The inevitability of outages is practically embedded in the code of our proverbial veteran IT managers and sysadmins. And their ‘s***t happens’ attitude may even be a good thing, as long as steps are taken to prevent outages in the first place and to also mitigate the damage when they do occur.

However, this hardened attitude towards outages is no comfort for less-experienced system administrators, who are often thrown to the wolves, or are new to the job and are suddenly sucked into the black hole of a full corporate outage.

Consider this desperately candid cry for help from one such overwhelmed sysadmin on Reddit:

“I’m currently hiding in the server room because there is an ISP outage and I’m too afraid to tell everyone that I can’t fix anything yet!”

Sounds familiar? Most IT professionals have been in a similar situation. If you haven’t yet, then it’s practically guaranteed that you will face a similar situation in the near future. For this very reason, we’ve put together a quick list with some best practices that if implemented, could someday save you from having to hide in your server room the next time there’s an outage!

What To Do When Outages Happen (& How To Prevent Them)

Ok, so you’ve been notified of an outage. What should you do? First of all, take a deep breath, and whatever you do, don’t try to hide in the server room, that’s the first place where they will go looking for you!

1-Monitor For Server Outages

Be proactive vs. reactive. Have systems in place that will give you and your team a heads up when things are starting to go wrong. These tools can help prevent major issues from occurring in the first place.

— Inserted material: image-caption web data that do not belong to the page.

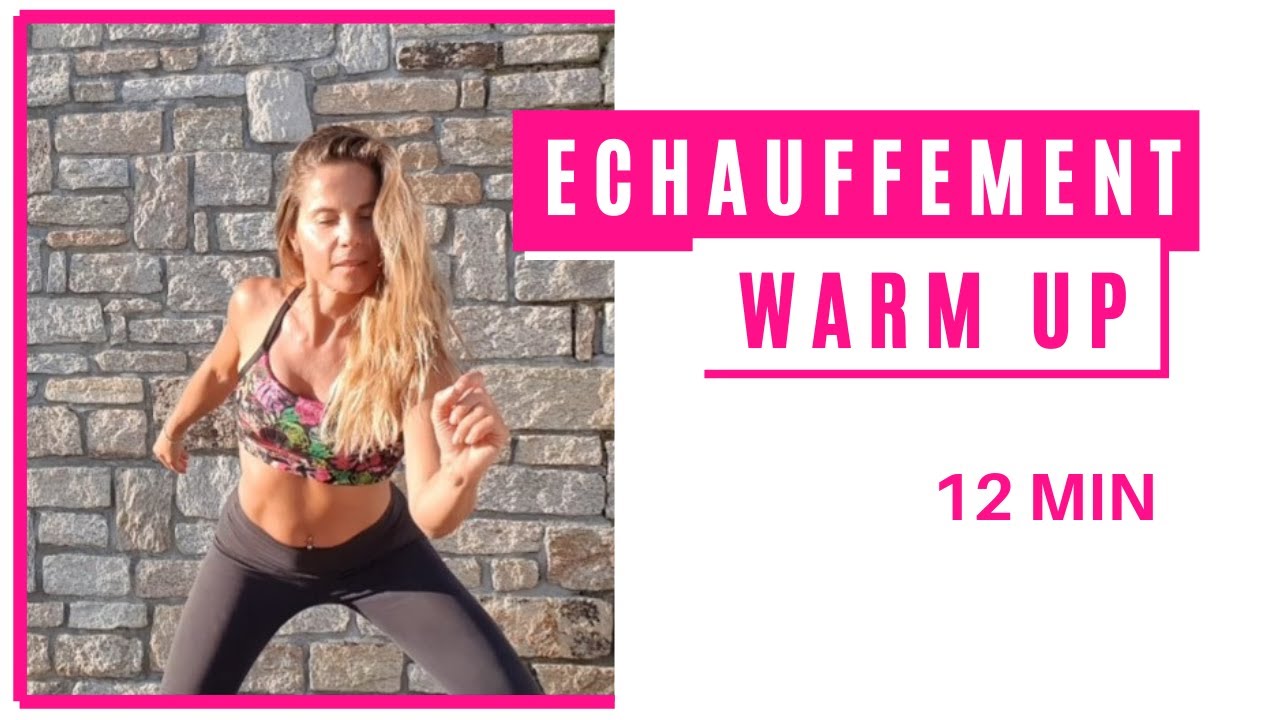 WARM UP / ECHAUFFEMENT 10 MIN en musique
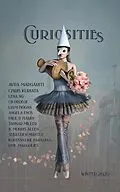 E-Book (epub) Curiosities #8 : Uncategorized Collections (Curiosities Anthology Series, #8) von Kevin Frost, Sebastien Mantle, Angela Enos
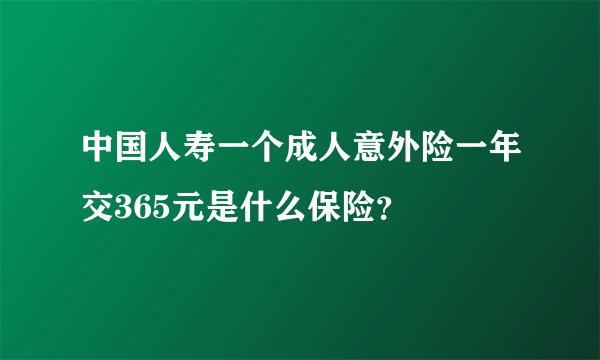 中国人寿一个成人意外险一年交365元是什么保险？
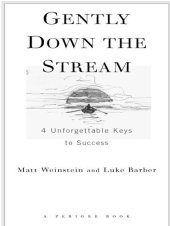 book Gently Down the Stream: 4 Unforgettable Keys to Success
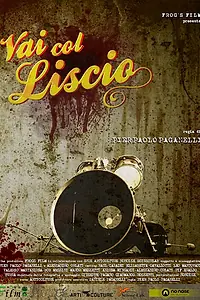 Постер к фильму «Vai col liscio (2012)»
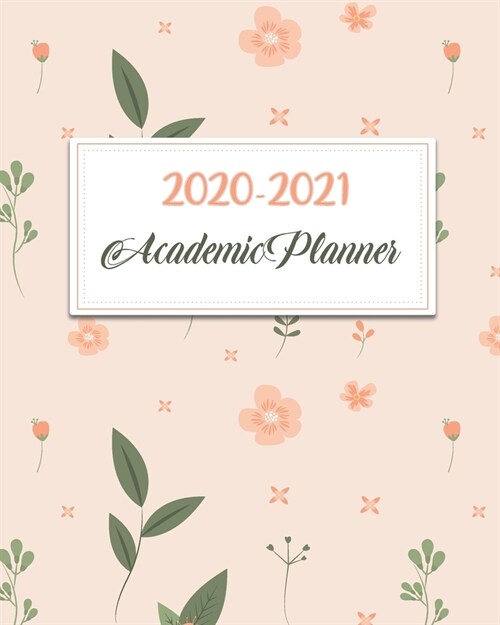 2020-2021 Academic Planner: Sweet Bloom, 24 Months Academic Schedule With Insporational Quotes And Holiday. (Paperback)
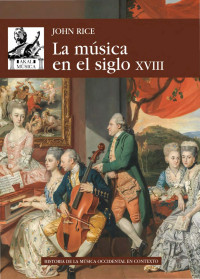 John Rice; — La msica en el Siglo XVIII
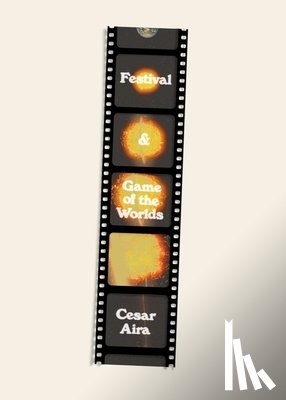 Aira, César - Festival & Game of the Worlds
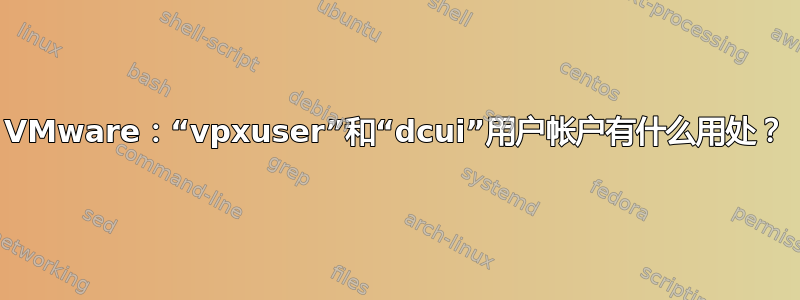 VMware：“vpxuser”和“dcui”用户帐户有什么用处？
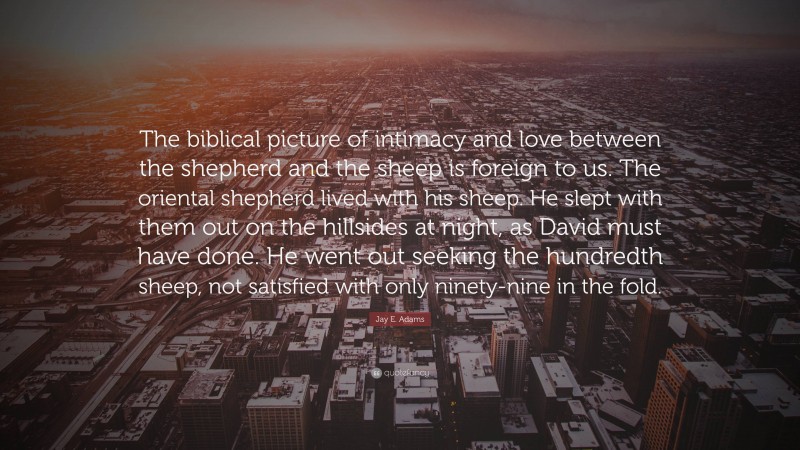 Jay E. Adams Quote: “The biblical picture of intimacy and love between the shepherd and the sheep is foreign to us. The oriental shepherd lived with his sheep. He slept with them out on the hillsides at night, as David must have done. He went out seeking the hundredth sheep, not satisfied with only ninety-nine in the fold.”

2-Deploy A "Smart Monitor" For All Your Servers

These should be set up to trigger an alarm only under certain conditions:

-The server rebooted during specific business hours.

-The server booted into Safe or Directory Services

-Perform a daily check and send an alarm if the server is configured to boot into SM or DSRM states at the next reboot.

3-Maintain Existing Hardware & Reliable Cloud Solutions

Hardware is like an automobile that needs constant maintenance. Create a checkpoint and schedule tasks to constantly review your systems to make sure everything is operating at full capacity. If you don’t manage your own hardware be sure to review your cloud solutions ‘best practices’ on managing their updates. rain

4-Get Proactive During The First Stages Of The Outage

Take care of the things that are actually under your control, like changing DNS settings or restarting the routers. If you have backup hardware or services, pull them online to see if that gets you out of the outage.

If the outage is external, contact your ISP or hosting provider or cloud server host, and make sure that there is a ticket open, and keep in touch with them for updates.

5-Create Emergency Access Accounts

As we mentioned before, ubiquitous cloud services like Office365 don’t actually guarantee 100% uptime and with the issues that Azure has had lately, it’s wise to create two or more emergency access accounts. These accounts should be cloud-only accounts that are not federated or synchronized from within your on-premise environment. This will become very helpful if an outage also takes out your local cell phone coverage, VPN, or VoIP setup, basically negating two-step verification access to your cloud servers.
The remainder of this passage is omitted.